À la suite d’une plainte de Corsica Ferries France SAS (ci-après «Corsica Ferries») au sujet d’aides illégales et incompatibles avec le marché intérieur dont la SNCM et la CMN auraient bénéficié grâce à la CDSP, la Commission a, par lettre du 27 juin 2012, informé les autorités françaises de sa décision d’ouvrir la procédure formelle d’examen au titre de l’article 108, paragraphe 2, TFUE sur les aides potentielles au bénéfice de la SNCM et de la CMN contenues dans la CDSP ( 5 ).

11.

En décidant que les compensations prévues par la CDSP constituaient des aides d’État illégales et incompatibles avec le marché intérieur, la Commission a considéré que deux des quatre critères fixés par la Cour dans l’arrêt Altmark Trans et Regierungspräsidium Magdeburg (C‑280/00, EU:C:2003:415) n’étaient pas remplis.

12.

La Commission a constaté, en premier lieu, que le service complémentaire fourni par la SNCM n’était ni nécessaire ni proportionné à la satisfaction d’un besoin réel de service public. Elle a estimé, en second lieu, d’une part, que les conditions de l’appel d’offres n’avaient pas permis d’assurer une concurrence effective et, d’autre part, que les compensations financières n’avaient pas été définies par référence à une base de coûts établie a priori ou par comparaison avec la structure de charges d’autres entreprises maritimes comparables.

13.

La Commission en a conclu que les compensations reçues par la SNCM et la CMN au titre du service complémentaire constituaient des aides d’État. Elle a constaté qu’elles étaient illégales dans la mesure où elles n’avaient pas fait l’objet d’une notification préalable à la Commission. Elle a, en outre, estimé que les compensations reçues par la SNCM et la CMN au titre du service de base étaient compatibles avec le marché intérieur, ce qui n’était pas le cas de celles reçues par la SNCM depuis le 1er juillet 2007 au titre du service complémentaire.

14.

Au vu des éléments susmentionnés, la Commission a, par la décision litigieuse, arrêté ce qui suit:

«Article premier

Les compensations versées à la SNCM et à la CMN dans le cadre de la [CDSP] du 7 juin 2007 constituent des aides d’État au sens de l’article 107, paragraphe 1, [...] TFUE. Ces aides d’État ont été octroyées en violation des obligations prévues à l’article 108, paragraphe 3, [...] TFUE.

Article 2

1. Les compensations versées à la SNCM au regard de la mise en place des capacités supplémentaires prévues aux I a) 2), I b) 2) et I d) 1.4) du cahier des charges de la [CDSP] susmentionnée, sont incompatibles avec le marché intérieur.
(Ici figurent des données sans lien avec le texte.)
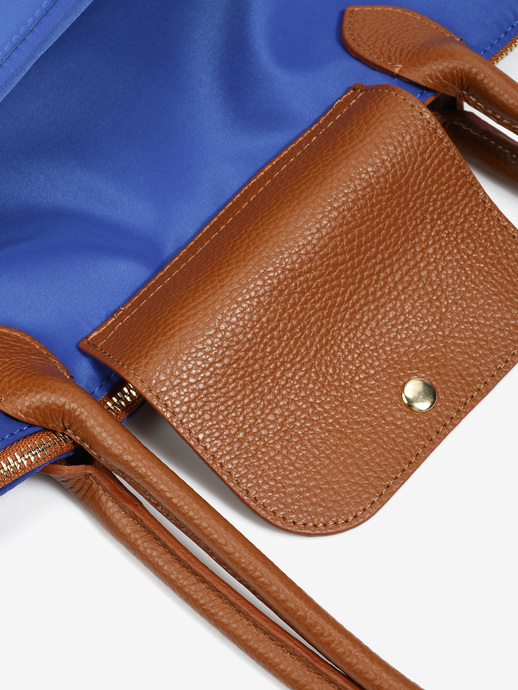 TOREBKA DAMSKA HEGO'S Milano 001 TESSUTO BLUETTE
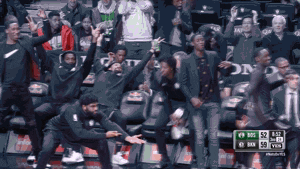 happy lets go GIF by NBA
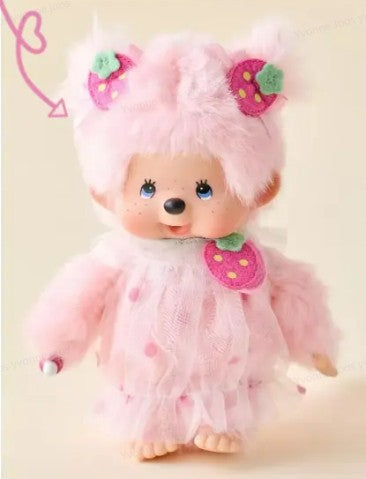 Monchhichi 20cm LIMITED Fraise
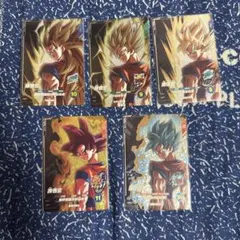 ドラゴンボールスーパーダイバーズ　SDV9-GPUR コンプセット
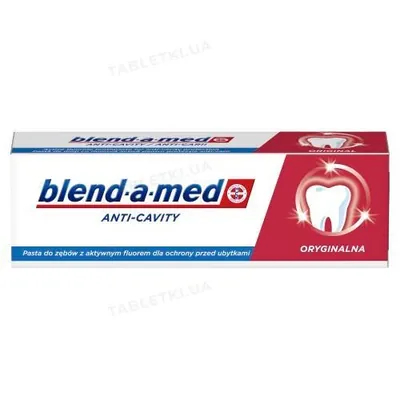 Зубна паста Blend-a-med Anti-Cavity Original, 75 мл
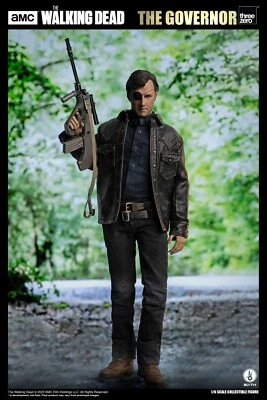 Figura de acción masculina Threezero 3Z04720W0 1/6 The Walking Dead The Governor 12" Foto 1 de 4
2. Les compensations versées à la SNCM et à la CMN pour l’opération des autres services prévus par la [CDSP] susmentionnée sont compatibles avec le marché intérieur.

Article 3

1. La France est tenue de se faire rembourser les aides visées à l’article 2, paragraphe 1, par le bénéficiaire.

2. Les sommes à récupérer produisent des intérêts, qui courent à partir de la date à laquelle elles ont été mises à la disposition du bénéficiaire jusqu’à leur récupération effective.

3. Les intérêts sont calculés sur une base composée conformément au chapitre V du règlement (CE) no 794/2004 et au règlement (CE) no 271/2008 modifiant le règlement...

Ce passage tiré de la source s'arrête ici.